RECORDS FOR PROCESSING:
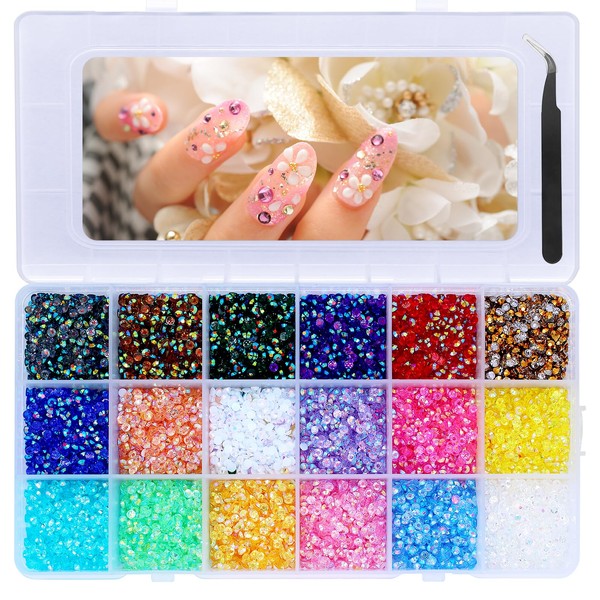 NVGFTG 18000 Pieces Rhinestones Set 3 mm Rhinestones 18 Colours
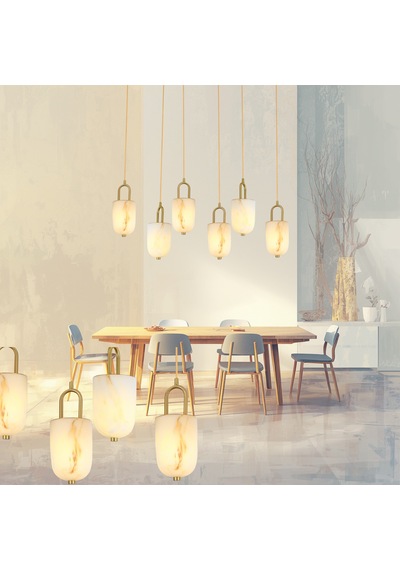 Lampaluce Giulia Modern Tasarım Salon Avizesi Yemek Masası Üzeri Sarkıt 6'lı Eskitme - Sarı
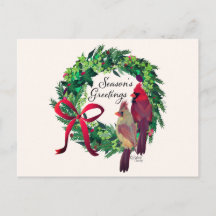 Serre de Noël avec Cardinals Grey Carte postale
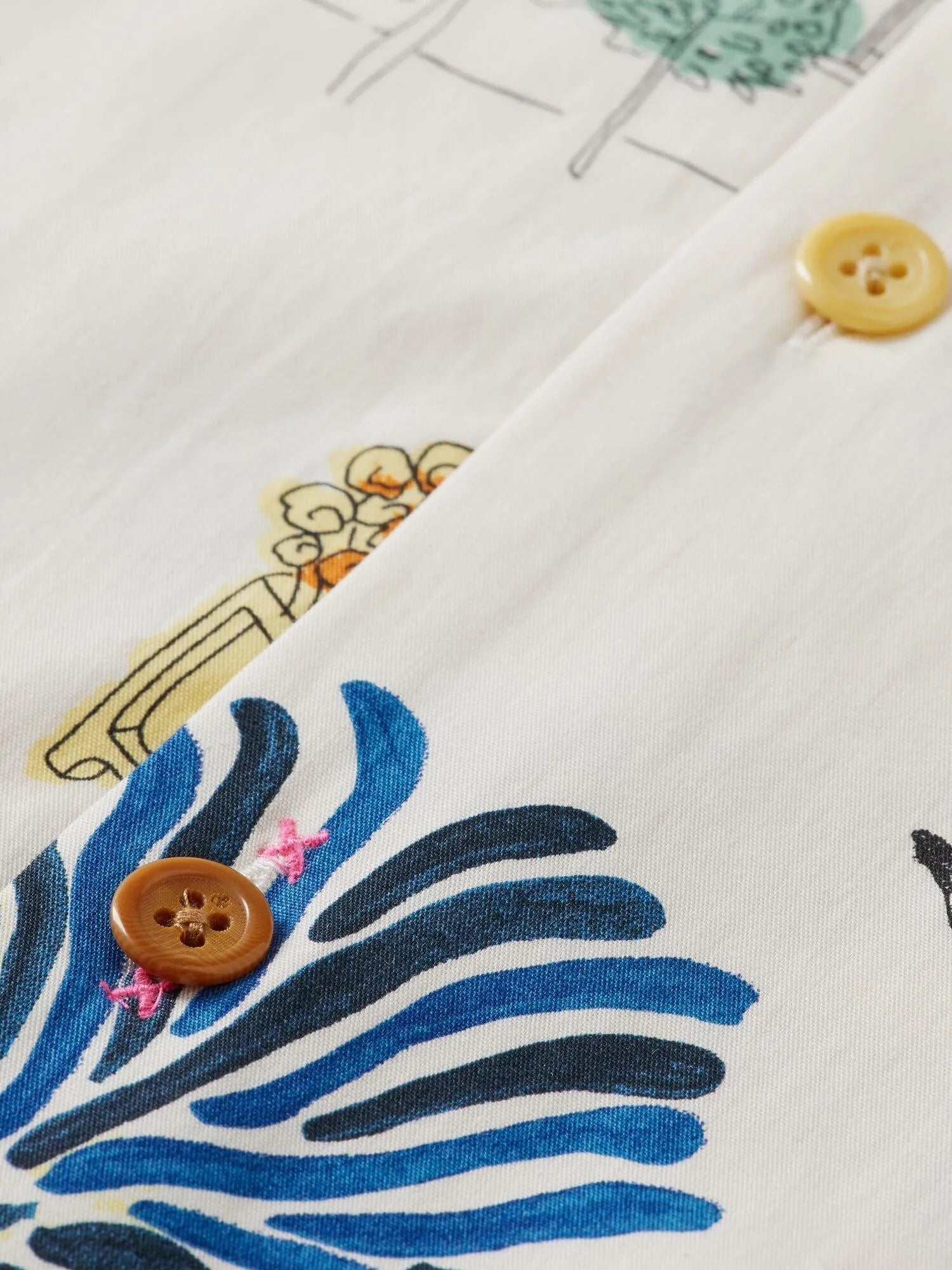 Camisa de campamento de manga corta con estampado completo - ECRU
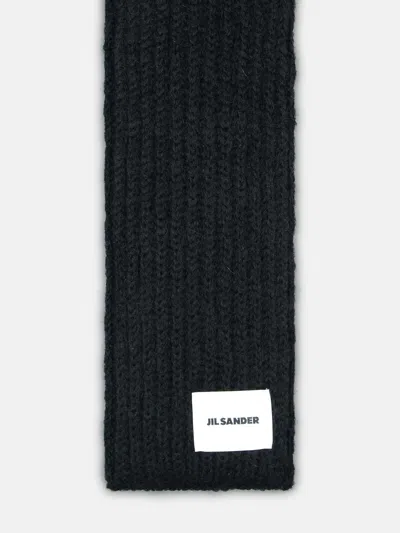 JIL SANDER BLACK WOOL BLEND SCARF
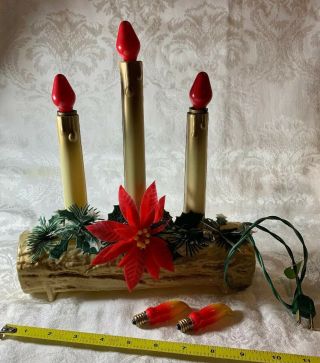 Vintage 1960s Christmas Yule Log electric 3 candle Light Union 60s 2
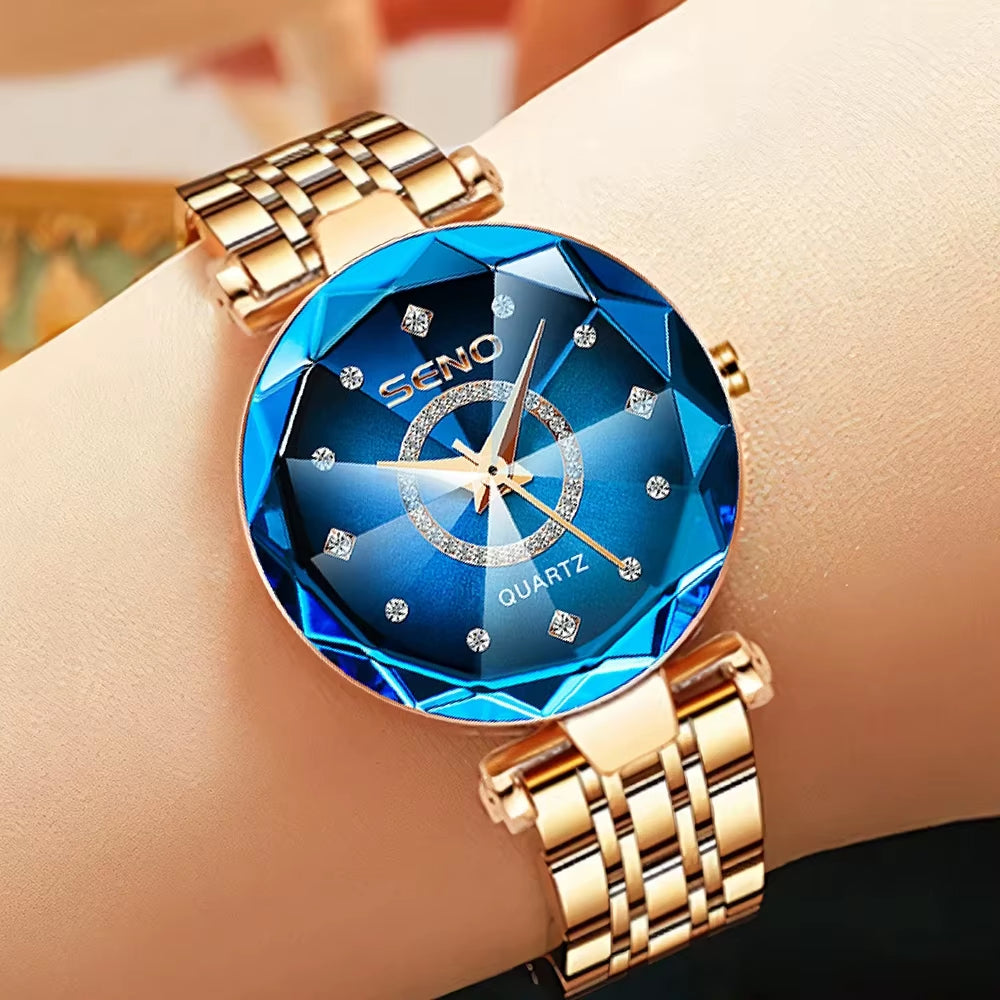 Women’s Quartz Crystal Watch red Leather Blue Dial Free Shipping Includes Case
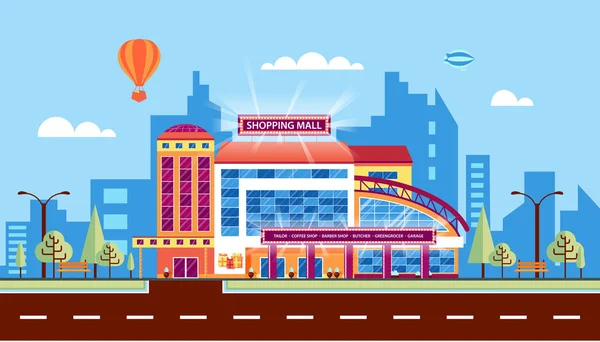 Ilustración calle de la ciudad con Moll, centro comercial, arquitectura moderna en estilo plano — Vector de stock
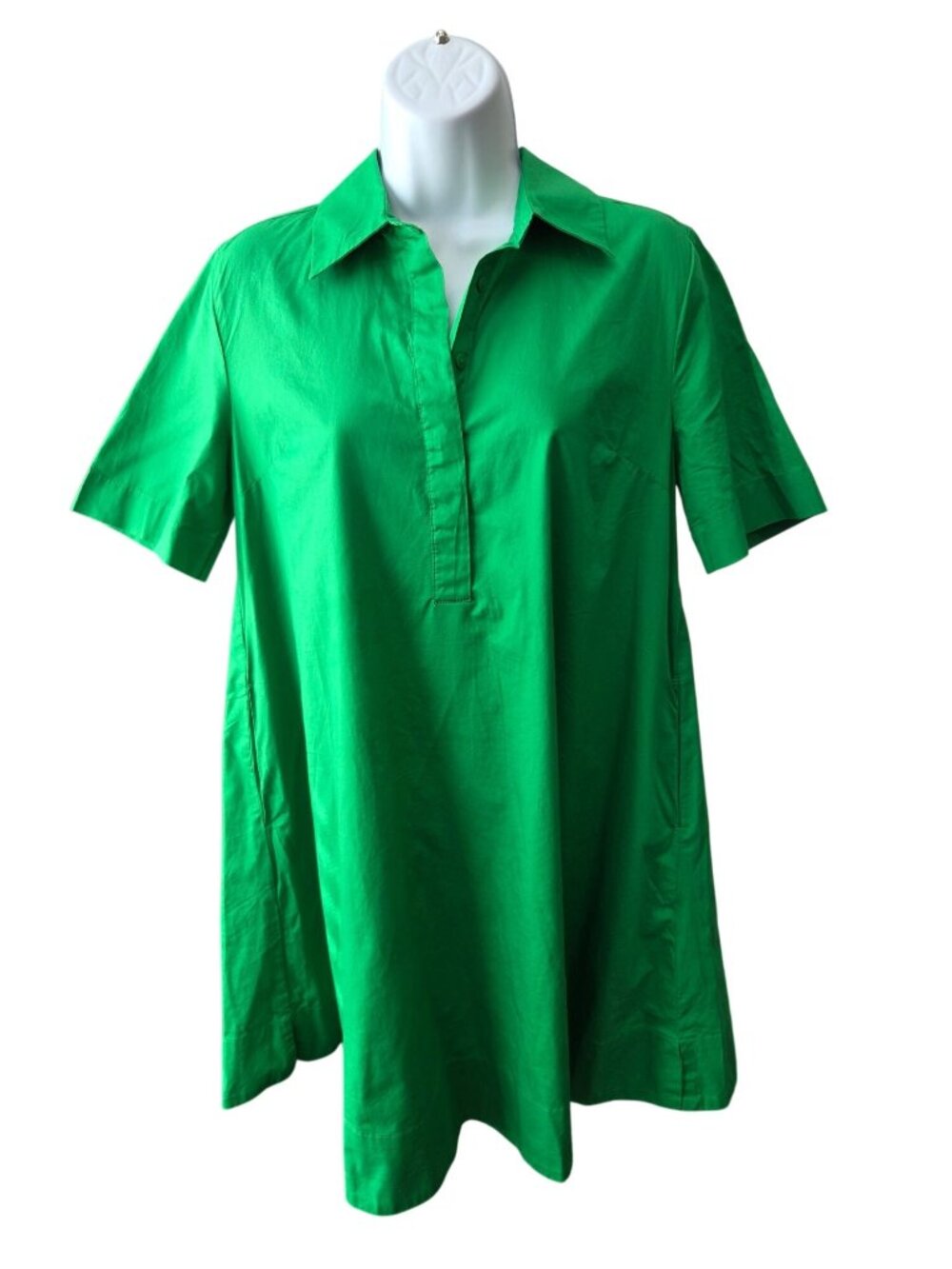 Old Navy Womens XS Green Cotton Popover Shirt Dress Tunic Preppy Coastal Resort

TASK TO COMPLETE: Copy exactly, and only, the lines from the line containing "Camisa de campamento" through the final line of the material above, with no pictures.

EXPECTED ANSWER:
 Camisa de campamento de manga corta con estampado completo - ECRU
 JIL SANDER BLACK WOOL BLEND SCARF
 Vintage 1960s Christmas Yule Log electric 3 candle Light Union 60s 2
 Women’s Quartz Crystal Watch red Leather Blue Dial Free Shipping Includes Case
 Ilustración calle de la ciudad con Moll, centro comercial, arquitectura moderna en estilo plano — Vector de stock
 Old Navy Womens XS Green Cotton Popover Shirt Dress Tunic Preppy Coastal Resort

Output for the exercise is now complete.